En Somalie, cinq saisons des pluies successives avec des précipitations inférieures à la normale au cours des trois dernières années ont entraîné la pire sécheresse jamais enregistrée. Heureusement, grâce au renforcement de l’aide humanitaire et aux efforts conjugués de tous les acteurs, ainsi qu’au soutien généreux des donateurs, la famine a pu être évitée. Malgré cela, l’urgence est loin d’être terminée et l’insécurité alimentaire devrait toucher près de la moitié de la population du pays dans les mois à venir, laissant une traînée de maladies et de décès : en 2022, la sécheresse a causé en somalie un surmortalité estimée à 43 000 décèsselon une étude commandée par l’Organisation mondiale de la santé (OMS) et l’agence des Nations unies UNICEF.
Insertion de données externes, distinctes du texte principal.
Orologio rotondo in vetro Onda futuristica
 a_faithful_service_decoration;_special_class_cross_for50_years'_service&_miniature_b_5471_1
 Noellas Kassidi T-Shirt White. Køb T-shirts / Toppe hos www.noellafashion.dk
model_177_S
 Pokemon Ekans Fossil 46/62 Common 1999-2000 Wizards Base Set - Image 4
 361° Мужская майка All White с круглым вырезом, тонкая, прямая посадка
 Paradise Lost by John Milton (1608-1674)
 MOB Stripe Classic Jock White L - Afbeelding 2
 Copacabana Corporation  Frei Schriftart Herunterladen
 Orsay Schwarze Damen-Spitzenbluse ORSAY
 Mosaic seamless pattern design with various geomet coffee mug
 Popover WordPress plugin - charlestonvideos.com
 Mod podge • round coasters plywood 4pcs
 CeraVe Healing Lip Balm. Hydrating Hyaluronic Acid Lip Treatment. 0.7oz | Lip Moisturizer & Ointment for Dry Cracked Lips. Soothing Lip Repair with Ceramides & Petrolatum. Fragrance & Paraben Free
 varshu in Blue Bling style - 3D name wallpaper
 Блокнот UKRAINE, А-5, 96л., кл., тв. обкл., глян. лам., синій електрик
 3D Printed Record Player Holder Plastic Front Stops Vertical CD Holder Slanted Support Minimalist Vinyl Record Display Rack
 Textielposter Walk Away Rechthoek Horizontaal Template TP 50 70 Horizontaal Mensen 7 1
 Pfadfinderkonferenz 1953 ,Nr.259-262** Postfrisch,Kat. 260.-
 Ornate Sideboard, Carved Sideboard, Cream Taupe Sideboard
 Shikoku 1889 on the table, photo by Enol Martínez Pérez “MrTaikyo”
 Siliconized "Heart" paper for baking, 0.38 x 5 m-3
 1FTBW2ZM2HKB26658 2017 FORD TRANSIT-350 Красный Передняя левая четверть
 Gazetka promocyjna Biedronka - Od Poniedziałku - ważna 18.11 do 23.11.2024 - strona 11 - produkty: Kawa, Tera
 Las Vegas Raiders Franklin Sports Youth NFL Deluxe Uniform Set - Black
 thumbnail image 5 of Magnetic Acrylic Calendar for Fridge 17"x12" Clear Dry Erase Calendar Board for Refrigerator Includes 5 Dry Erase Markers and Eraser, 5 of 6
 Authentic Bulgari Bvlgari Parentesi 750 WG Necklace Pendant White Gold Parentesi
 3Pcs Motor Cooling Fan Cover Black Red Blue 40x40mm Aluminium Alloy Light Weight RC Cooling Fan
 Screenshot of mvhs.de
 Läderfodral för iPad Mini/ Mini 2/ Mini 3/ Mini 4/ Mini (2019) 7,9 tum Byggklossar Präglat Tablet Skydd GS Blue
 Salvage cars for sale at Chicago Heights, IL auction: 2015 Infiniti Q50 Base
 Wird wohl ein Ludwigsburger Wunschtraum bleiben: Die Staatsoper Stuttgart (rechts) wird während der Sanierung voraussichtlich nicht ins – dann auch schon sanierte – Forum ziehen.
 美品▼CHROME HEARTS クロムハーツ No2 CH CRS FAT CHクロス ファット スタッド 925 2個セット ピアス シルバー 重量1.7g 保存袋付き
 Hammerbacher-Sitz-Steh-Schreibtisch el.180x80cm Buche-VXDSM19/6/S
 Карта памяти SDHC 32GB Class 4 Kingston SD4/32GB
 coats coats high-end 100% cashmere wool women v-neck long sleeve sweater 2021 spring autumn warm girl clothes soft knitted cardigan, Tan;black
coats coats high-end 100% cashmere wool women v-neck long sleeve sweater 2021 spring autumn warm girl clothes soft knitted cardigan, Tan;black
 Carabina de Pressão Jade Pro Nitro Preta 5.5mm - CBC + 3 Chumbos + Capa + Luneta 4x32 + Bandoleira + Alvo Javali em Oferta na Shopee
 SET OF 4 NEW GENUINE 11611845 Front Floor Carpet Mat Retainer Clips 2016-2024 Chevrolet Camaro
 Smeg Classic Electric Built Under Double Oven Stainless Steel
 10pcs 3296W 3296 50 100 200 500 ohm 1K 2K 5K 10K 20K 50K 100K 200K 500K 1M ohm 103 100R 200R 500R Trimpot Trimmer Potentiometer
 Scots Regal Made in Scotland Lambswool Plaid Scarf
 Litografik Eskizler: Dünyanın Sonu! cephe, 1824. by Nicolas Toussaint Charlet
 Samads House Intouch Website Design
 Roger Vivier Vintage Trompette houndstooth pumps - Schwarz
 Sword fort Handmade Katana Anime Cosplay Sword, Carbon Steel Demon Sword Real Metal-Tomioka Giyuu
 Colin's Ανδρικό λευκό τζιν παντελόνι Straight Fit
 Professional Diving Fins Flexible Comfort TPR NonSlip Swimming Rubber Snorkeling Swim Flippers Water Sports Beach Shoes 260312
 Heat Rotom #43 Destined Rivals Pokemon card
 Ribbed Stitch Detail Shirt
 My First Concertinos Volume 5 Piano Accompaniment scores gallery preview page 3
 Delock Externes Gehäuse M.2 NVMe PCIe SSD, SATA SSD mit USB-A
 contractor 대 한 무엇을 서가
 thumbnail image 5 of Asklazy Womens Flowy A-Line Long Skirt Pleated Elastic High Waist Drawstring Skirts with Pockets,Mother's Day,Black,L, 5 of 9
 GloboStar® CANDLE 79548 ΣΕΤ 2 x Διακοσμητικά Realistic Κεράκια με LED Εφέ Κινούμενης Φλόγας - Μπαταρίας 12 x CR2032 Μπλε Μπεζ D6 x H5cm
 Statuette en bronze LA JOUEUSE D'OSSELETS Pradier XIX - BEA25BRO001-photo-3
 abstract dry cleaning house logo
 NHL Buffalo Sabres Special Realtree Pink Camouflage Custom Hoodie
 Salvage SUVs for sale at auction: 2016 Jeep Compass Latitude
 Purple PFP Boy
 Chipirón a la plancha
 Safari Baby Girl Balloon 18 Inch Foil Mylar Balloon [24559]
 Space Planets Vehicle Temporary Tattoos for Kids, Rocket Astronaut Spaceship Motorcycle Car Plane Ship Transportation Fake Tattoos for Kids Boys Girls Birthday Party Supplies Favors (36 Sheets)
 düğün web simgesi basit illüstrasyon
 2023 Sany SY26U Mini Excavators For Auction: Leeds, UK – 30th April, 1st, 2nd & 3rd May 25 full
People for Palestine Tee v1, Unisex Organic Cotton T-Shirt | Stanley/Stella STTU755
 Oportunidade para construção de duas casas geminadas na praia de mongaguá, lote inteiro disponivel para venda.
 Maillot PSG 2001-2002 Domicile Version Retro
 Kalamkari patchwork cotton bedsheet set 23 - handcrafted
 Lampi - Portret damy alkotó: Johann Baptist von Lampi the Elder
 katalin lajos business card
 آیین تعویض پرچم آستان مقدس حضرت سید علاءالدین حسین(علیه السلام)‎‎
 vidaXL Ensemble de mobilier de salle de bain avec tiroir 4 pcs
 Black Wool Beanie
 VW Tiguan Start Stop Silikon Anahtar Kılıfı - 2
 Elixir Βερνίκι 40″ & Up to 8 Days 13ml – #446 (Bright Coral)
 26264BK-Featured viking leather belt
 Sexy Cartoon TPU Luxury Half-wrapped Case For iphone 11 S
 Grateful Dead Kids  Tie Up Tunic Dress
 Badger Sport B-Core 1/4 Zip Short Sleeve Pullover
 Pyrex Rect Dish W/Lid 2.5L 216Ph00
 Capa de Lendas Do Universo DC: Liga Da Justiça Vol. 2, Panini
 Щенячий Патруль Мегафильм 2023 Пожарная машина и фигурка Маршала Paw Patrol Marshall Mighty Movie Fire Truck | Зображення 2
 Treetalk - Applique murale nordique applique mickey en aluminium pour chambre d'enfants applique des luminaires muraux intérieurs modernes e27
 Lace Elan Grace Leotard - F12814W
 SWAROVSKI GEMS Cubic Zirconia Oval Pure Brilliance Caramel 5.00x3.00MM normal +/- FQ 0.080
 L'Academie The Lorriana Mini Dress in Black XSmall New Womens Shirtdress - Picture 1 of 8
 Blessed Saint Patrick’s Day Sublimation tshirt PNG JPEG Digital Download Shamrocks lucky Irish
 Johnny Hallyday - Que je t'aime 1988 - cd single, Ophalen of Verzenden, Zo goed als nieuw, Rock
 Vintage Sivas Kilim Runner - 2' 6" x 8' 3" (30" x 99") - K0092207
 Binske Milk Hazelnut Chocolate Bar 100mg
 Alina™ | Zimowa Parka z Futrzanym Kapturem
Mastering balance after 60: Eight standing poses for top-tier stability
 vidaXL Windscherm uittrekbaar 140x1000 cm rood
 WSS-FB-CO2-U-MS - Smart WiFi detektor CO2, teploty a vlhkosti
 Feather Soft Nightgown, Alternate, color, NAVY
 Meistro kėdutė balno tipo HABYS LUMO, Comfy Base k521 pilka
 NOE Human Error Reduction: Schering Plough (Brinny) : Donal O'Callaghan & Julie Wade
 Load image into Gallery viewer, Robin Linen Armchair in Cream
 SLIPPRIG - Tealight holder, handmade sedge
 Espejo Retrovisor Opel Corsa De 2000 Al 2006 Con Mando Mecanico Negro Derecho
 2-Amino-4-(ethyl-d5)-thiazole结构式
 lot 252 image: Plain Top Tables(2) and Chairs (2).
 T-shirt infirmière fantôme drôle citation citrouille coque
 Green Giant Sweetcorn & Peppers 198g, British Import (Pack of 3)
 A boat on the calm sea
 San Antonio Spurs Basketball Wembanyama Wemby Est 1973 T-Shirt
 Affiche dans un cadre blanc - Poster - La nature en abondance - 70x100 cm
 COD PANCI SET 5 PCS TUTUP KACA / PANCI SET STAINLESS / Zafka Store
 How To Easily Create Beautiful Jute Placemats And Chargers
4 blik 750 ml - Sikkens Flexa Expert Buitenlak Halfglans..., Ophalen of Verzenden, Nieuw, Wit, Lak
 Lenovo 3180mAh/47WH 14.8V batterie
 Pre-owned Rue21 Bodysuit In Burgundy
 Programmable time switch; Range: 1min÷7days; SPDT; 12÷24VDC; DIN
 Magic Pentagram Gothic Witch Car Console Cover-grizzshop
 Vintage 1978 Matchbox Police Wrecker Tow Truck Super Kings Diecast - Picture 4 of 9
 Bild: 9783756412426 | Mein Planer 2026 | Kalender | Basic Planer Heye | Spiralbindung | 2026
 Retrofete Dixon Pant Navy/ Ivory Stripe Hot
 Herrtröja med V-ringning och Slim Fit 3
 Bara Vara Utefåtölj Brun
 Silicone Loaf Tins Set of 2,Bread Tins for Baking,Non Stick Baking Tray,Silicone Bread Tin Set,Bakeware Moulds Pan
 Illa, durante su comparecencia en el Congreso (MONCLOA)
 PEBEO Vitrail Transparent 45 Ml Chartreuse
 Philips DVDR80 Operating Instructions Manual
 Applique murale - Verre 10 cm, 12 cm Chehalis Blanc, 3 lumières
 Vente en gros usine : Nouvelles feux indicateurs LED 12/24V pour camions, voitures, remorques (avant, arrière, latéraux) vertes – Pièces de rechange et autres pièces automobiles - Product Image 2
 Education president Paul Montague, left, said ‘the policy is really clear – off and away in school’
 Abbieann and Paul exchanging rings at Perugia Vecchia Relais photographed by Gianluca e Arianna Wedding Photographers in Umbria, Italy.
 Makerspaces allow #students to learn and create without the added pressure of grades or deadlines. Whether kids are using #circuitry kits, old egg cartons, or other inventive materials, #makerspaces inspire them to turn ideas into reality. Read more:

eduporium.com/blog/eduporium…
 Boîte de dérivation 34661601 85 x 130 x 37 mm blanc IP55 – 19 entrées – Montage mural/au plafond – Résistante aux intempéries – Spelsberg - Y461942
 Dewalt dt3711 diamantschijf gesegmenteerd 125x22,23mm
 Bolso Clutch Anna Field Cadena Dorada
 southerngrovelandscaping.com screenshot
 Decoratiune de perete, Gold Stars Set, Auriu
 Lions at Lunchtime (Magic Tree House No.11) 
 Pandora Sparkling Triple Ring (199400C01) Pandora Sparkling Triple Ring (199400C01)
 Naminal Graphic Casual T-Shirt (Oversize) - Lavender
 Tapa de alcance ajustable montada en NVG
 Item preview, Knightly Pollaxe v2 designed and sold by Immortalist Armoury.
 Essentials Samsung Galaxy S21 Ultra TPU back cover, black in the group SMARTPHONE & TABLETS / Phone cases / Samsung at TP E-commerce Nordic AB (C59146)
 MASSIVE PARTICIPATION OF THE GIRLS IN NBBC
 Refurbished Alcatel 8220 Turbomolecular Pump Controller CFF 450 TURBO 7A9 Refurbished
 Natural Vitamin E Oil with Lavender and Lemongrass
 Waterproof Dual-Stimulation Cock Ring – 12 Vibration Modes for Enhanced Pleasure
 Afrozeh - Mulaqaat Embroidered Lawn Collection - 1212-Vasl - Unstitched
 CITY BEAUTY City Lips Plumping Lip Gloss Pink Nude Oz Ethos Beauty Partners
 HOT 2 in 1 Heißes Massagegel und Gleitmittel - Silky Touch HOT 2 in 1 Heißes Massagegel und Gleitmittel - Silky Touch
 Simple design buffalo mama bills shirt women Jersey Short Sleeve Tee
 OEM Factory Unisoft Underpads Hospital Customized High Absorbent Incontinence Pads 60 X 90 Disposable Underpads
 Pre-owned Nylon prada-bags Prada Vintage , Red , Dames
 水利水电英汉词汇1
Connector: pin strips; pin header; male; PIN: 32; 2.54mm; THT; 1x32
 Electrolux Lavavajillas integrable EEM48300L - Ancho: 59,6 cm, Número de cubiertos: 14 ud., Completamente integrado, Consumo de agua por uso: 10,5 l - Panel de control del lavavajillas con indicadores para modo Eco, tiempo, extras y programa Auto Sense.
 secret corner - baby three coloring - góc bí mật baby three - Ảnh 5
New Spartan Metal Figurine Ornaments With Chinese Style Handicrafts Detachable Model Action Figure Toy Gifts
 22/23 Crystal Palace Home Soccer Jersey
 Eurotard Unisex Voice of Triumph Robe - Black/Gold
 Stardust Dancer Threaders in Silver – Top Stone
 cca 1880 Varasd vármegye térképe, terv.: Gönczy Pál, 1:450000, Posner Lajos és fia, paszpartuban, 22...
En Somalie, cinq saisons des pluies successives avec des précipitations inférieures à la normale au cours des trois dernières années ont entraîné la pire sécheresse jamais enregistrée

L’OMS travaille avec le ministère somalien de la Santé et d’autres partenaires pour organiser des campagnes de vaccination qui ont mobilisé plus de 2 000 agents de santé communautaires et 160 équipes de santé communautaires, atteignant plus de 7 millions de personnes. Cela a contribué à améliorer la situation car de nombreux enfants ont été référés vers des centres spécialisés pour le traitement de la malnutrition sévère avec complications médicales.

Bien que la saison des pluies (mars à mai) de cette année ait soulagé de nombreuses régions, les effets de la sécheresse persistent et ont même été aggravés par les inondations qui ont jusqu’à présent déplacement de plus de 220 000 personnes en Somalie avec pour corollaire un risque accru de flambées épidémiques.

Le changement climatique a modifié les régimes météorologiques, de sorte que les événements météorologiques extrêmes devraient devenir plus fréquents et plus intenses, leur impact sur les communautés vulnérables étant exacerbé par les prix élevés des denrées alimentaires et les conflits dans certaines régions.

Par conséquent, les pays de la région de la Corne de l’Afrique tels que : Djibouti, l’Éthiopie, le Kenya, la Somalie, le Soudan du Sud, le Soudan et l’Ouganda font face à des perspectives défavorables en matière de sécurité alimentaire et de santé. Au total, 53 millions de personnes, soit une personne sur six dans la région, n’ont pas assez à manger. Cela représente une augmentation considérable par rapport à la même période l’an dernier, lorsque la sécurité alimentaire touchait 37 millions de personnes.

Une personne sur six dans la région n’a pas assez à manger. Cela représente une augmentation considérable par rapport à la même période l’an dernier.

La région lutte contre de multiples épidémies : choléra, rougeole, méningite, paludisme, dengue, hépatite E et anthrax. Les inondations vont probablement aggraver la situation.

Les enfants, les femmes enceintes et les déplacés sont les plus touchés. Cette année, un nombre sans précédent de 11,9 millions d’enfants de moins de cinq ans risquent de souffrir de malnutrition aiguë. Les voyages, déjà à des niveaux maximaux, augmentent le risque de maladie. La région accueille plus de 16 millions de réfugiés et de personnes déplacées, pour la plupart victimes de conflits, et plus de deux millions de personnes déplacées par la sécheresse. Ces déplacements à grande échelle s’accompagnent souvent d’une détérioration de l’hygiène et de l’assainissement et d’un accès limité aux services de santé.

Nous avons constaté que grâce à une action concertée et bien financée, il était possible de prévenir la famine en Somalie et de soigner les malades, en particulier les enfants souffrant de malnutrition aiguë, pour qu’ils retrouvent la santé. Cependant, à ce jour, seule une infime fraction des 178 millions de dollars américains (163 millions d’euros) que nous avons demandés dans notre appel d’aide d’urgence pour la région de la Corne de l’Afrique a été collectée, et les ressources s’épuisent. Sans plus de financement, nous risquons d’annuler les gains réalisés et de laisser des millions de personnes plus vulnérables à la faim, à la maladie et à la mort. Nous ne devons pas permettre que cela se produise.